そして、老紳士はアーサーの元で以前まで執事として働いていたのだ。
「すみません、サーには迷惑をかけました。」
「なんの事だか。」
アーサーは自分の上着を畳んでベッドの横に腰掛けた。
「本当は時が狂っても貴方のおそばに居るつもりでした。戦争で妻も子も亡くし、生きる意味を失った、私の命を捧げようと。」
「それは嬉しい告白だな。」
アーサーは翠の瞳を細めて、少し口角を上げた。
「しかし、それは私のわがままで叶わなかった。」
老紳士は元主を見つめて優しく微笑む。
「私が貴方の執事を辞めたのはある少女と出会ったからなんです。東の国から売られてきた子でした。サーのお使いに行った際に出会ったのです。 」
ゆっくりと紡がれる言葉を一言も逃すまいと聞いていた。
「サー、あの子を貴方の元で働かせてあげてください。」
「はぁ?俺にレディーを仕えさせてどうする気なんだ。」
アーサーは少しだけ眉を寄せて答えた。
「貴方は寂しがり屋です。私がいなかった時間、サーからしたら一瞬かもしれませんが心配で仕方なかったんです。一人で寂しくしてはいないか、弟さんやお兄さん達と揉めて泣いてはいないか、体調は大丈夫か、ご飯は食べているか、ちゃんと眠れているのか、と。
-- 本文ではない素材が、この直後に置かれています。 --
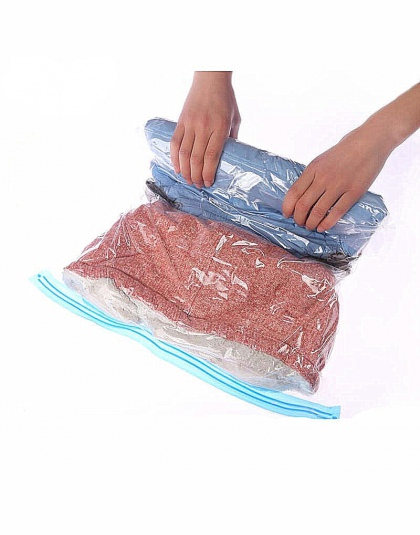1 pc ręcznie Rolling kompresji worek próżniowy oszczędność miejsca torby granicy składany sprężonego ubrania dla domu plastikowa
」
息を吹いたら消えてしまいそうな炎のようなか細い声、だが何処か芯があった。
「あの子も寂しがり屋なんです。どうか、お願いします。私の最後のお願いです。サーには感謝してもしきれません。それなのに最後までお願いばかりで申し訳ないですが。」
彼は長い間アーサーに仕えていた。
普通だったらとっくのとうに老衰していてもおかしくない年齢だ。
それでも生き長らえていたのはやはり、時が少し狂っていたからか。
アーサーはふ、と息を吐くように笑った。
「分かった、お前が言うなら信じるよ。」
「ありがとうございます。最後に、サー。私は貴方の元で働けて幸せでした。」
老紳士は満足そうに微笑んでから、静かに目を閉じた。
アーサーは彼の名前を呼び、額に触れた。
温もりがあったが、その下にあるはずの命の気配は消えていた。
国であるアーサーにとって人の死とは身近である。少し笑って力のない彼の手を握る。
「Me too.May your soul find peace.」
その声に答える声はどこにも無かった。
コメント
1件
ああもう、これ良すぎた……。執事が最後に主人に託した「あの子」の存在がもう刺さる。老紳士がアーサーの寂しがりを知ってるのも、アーサーが「来ないわけないだろ」って駆けつけたのも、全部優しさで詰まってる。最後の“Me too.”で涙腺やばかった。続き絶対読む🔥 (200字ぴったり)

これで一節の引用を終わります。